──────── AVAILABLE DATA

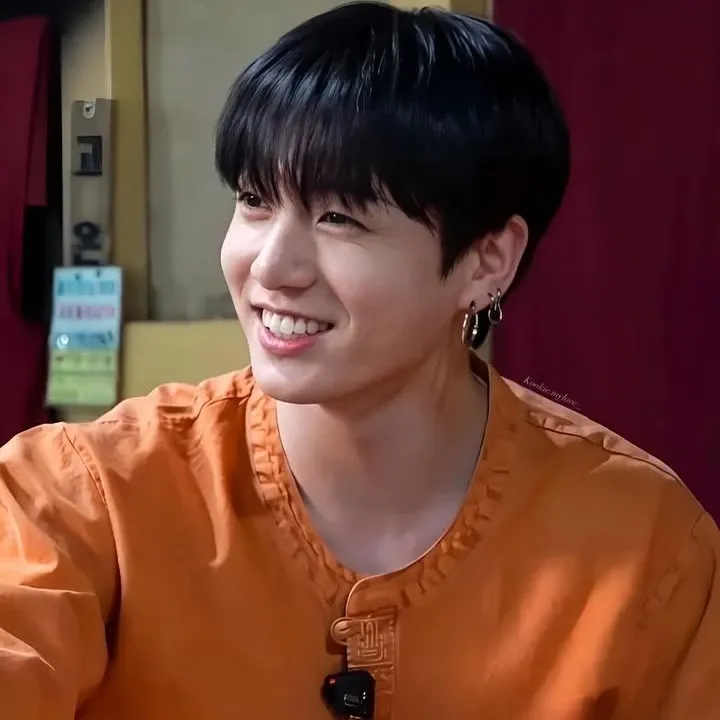 정국 (방탄소년단) 팬이 찍은 순간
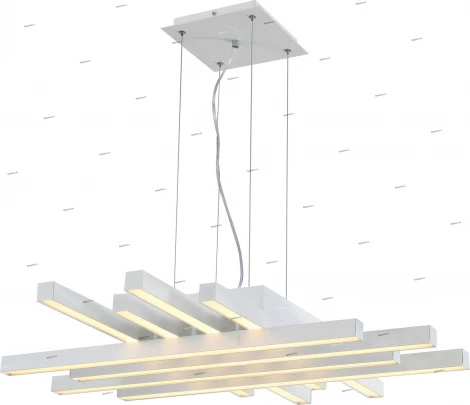 Horoz 019-009 (019-011) 019-011-0132 white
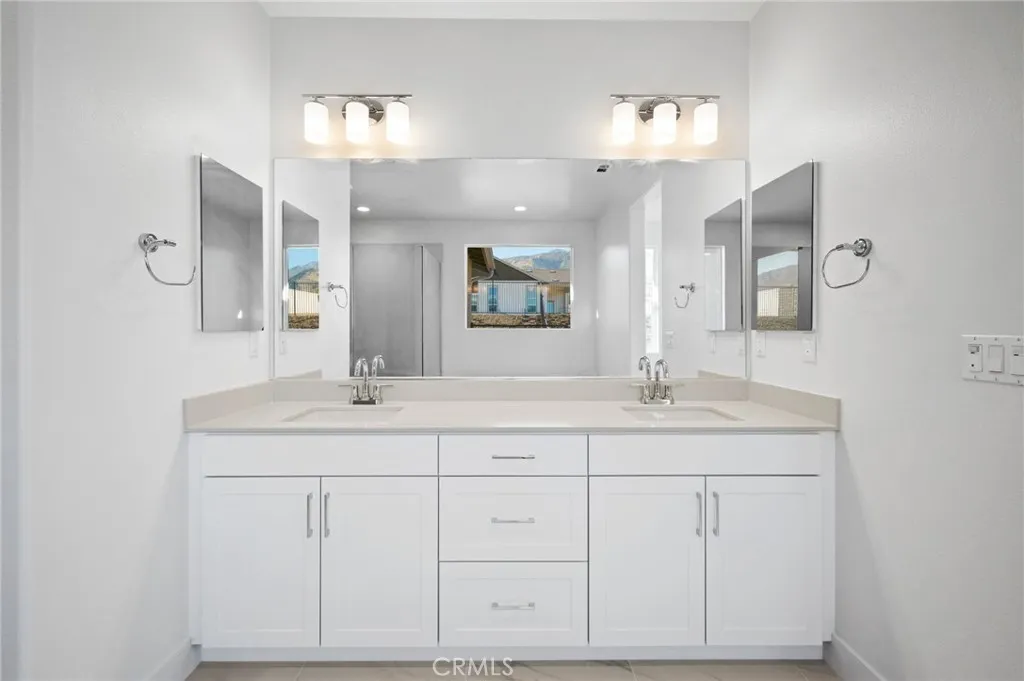 34524 Kadota Street, Yucaipa, California 92399 home-pic-47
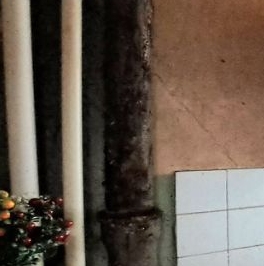 Продажа комнаты проспект Большевиков, 40 Продажа комнаты проспект Большевиков, 40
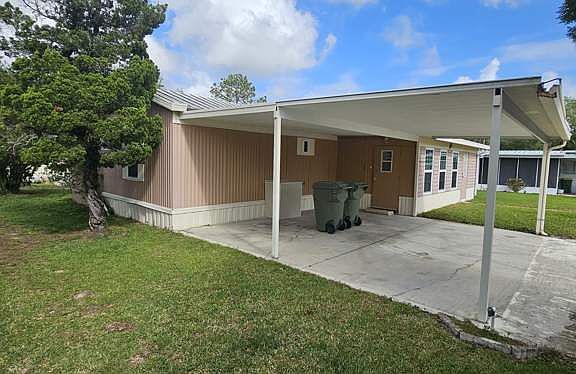 3rd image of 1761 Timber Ridge Cir #R1761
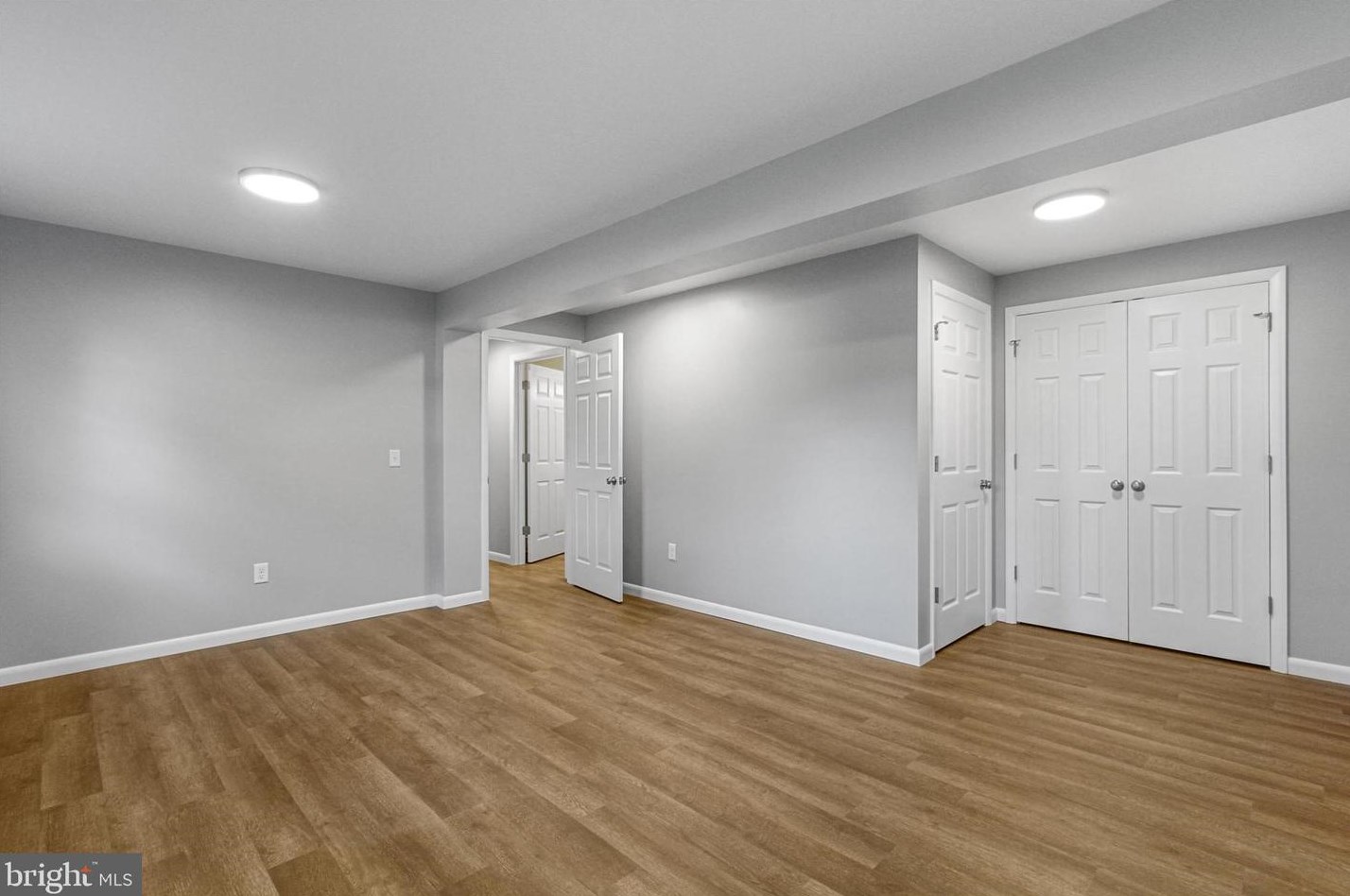 10412 Old Frg Rd, Roadside PA  17268-9346 exterior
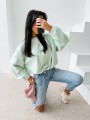 bluza ELENA 551.JPG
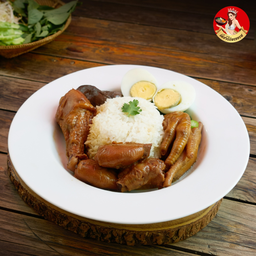 MENU_454477rv_1664038268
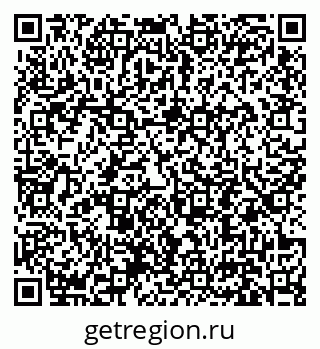 79631195151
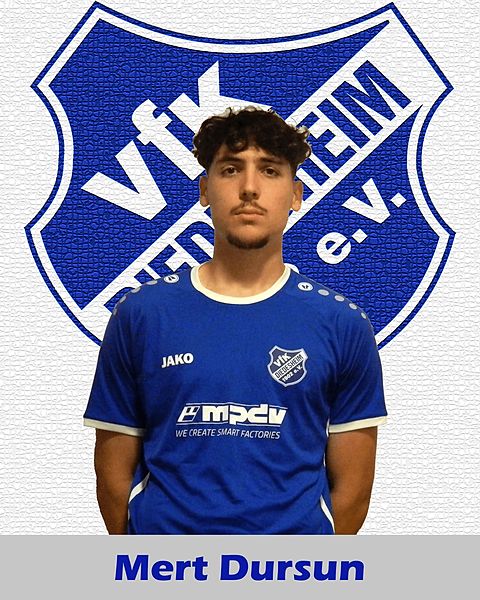 Foto: VfK Diedesheim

────────────────

A verbatim copy of the data, with all pictures omitted, is the required output.

### THE ANSWER
 정국 (방탄소년단) 팬이 찍은 순간
 Horoz 019-009 (019-011) 019-011-0132 white
 34524 Kadota Street, Yucaipa, California 92399 home-pic-47
 Продажа комнаты проспект Большевиков, 40 Продажа комнаты проспект Большевиков, 40
 3rd image of 1761 Timber Ridge Cir #R1761
 10412 Old Frg Rd, Roadside PA  17268-9346 exterior
 bluza ELENA 551.JPG
 MENU_454477rv_1664038268
 79631195151
 Foto: VfK Diedesheim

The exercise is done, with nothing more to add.